For a pick-up that came at the tailend of Spring Training, Plutko has been a savior for the Orioles bullpen. With non-Means starters routinely struggling to get through the fifth inning the O's have needed someone to step in and work the middle innings effectively. Plutko has been that reliever. His 15 appearances is third on the team, trailing only lefties Tanner Scott and Paul Fry, but his 21.1 innings pitched leads all relievers by a comfortable margin. 

He's allowed just one earned run over his last eleven appearances and just three runs total over the seasons. His inherited runners scored rate is a little lofty at 47%, but he's been put in some tight spots. In seven appearances he's come into the game with two or more runners on base. Three times he's wiggled out of those jams without allowing a run at all. 
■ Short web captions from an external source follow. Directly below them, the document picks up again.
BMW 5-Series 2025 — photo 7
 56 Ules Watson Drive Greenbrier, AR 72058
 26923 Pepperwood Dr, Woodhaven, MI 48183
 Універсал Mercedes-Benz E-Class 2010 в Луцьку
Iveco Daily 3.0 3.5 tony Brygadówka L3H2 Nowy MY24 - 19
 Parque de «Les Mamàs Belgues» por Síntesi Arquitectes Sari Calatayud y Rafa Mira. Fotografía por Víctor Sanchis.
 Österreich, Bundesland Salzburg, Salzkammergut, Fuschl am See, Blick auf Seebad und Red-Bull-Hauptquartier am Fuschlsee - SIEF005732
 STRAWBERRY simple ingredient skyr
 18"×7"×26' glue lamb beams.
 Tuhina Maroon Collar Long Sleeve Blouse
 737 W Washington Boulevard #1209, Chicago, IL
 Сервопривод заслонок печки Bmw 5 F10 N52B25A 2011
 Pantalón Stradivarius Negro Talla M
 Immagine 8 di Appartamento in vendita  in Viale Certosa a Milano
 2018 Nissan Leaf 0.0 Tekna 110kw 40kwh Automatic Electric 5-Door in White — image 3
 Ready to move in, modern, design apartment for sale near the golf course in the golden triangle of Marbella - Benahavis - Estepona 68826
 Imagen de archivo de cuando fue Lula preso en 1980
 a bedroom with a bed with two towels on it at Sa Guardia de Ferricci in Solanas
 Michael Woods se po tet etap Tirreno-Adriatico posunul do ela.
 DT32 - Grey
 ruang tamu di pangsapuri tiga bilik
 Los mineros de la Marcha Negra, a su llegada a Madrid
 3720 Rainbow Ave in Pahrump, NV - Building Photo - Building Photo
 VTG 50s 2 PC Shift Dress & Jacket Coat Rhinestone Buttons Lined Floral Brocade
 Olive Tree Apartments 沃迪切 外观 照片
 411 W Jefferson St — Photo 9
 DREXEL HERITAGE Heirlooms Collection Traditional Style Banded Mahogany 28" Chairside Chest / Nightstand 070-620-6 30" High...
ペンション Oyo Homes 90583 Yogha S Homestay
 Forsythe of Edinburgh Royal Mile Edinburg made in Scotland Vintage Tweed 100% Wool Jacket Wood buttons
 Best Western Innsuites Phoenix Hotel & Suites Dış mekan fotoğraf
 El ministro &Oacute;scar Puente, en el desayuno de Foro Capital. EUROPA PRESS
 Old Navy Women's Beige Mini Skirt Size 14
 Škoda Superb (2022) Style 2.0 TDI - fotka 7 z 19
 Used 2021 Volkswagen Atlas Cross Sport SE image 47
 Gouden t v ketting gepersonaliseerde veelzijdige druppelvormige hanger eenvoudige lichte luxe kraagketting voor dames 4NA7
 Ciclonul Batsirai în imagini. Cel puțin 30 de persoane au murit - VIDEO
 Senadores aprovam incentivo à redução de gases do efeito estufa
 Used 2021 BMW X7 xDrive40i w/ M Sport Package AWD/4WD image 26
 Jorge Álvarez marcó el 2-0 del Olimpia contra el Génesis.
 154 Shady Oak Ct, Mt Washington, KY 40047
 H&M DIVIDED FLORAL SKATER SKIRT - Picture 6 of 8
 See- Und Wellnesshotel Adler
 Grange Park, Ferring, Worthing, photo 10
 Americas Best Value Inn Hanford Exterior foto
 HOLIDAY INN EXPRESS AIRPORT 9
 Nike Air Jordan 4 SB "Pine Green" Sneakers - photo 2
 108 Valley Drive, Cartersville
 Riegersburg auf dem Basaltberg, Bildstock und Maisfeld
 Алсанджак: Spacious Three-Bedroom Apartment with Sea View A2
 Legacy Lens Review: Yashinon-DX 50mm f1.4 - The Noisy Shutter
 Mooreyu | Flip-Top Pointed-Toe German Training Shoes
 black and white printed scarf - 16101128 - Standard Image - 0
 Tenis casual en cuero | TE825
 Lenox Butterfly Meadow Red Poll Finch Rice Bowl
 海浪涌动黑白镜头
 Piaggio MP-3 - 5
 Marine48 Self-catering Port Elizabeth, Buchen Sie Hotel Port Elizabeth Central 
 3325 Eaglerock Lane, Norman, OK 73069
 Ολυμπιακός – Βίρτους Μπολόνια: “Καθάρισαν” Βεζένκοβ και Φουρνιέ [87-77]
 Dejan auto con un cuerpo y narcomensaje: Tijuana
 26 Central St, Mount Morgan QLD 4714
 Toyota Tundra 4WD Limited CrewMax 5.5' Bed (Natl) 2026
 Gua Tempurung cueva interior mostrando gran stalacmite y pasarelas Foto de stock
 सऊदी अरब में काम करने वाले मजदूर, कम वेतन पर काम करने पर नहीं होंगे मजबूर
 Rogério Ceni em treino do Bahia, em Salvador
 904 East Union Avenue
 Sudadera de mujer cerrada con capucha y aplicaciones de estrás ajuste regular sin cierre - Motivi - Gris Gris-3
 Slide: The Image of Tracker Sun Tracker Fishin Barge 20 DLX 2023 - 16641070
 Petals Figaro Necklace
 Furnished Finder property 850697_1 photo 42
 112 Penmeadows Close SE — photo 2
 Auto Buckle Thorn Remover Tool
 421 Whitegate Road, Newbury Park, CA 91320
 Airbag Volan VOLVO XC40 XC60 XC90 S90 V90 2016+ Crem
A lot of his success can be pointed to the fact that he is getting opponents to hit the ball on the ground. Throughout his career roughly 30% of the balls put into play off of his pitches were grounders. This season his ground ball rate is 42.4%. Needless to say that plays well in Camden Yards. Less fly balls mean less home runs and his HR rate is 1.2% this year compared to 5.0% over his career. 

Could the O's move him into the starting rotation due to his success? Possibly. He does have a starter's pedigree where he worked out of the rotation for most of his time in Cleveland. Doing so, however, would remove a vital piece of the bullpen from Coach Hyde. It's more likely Plutko will get dealt to a contender sometime this summer if he keeps up his success.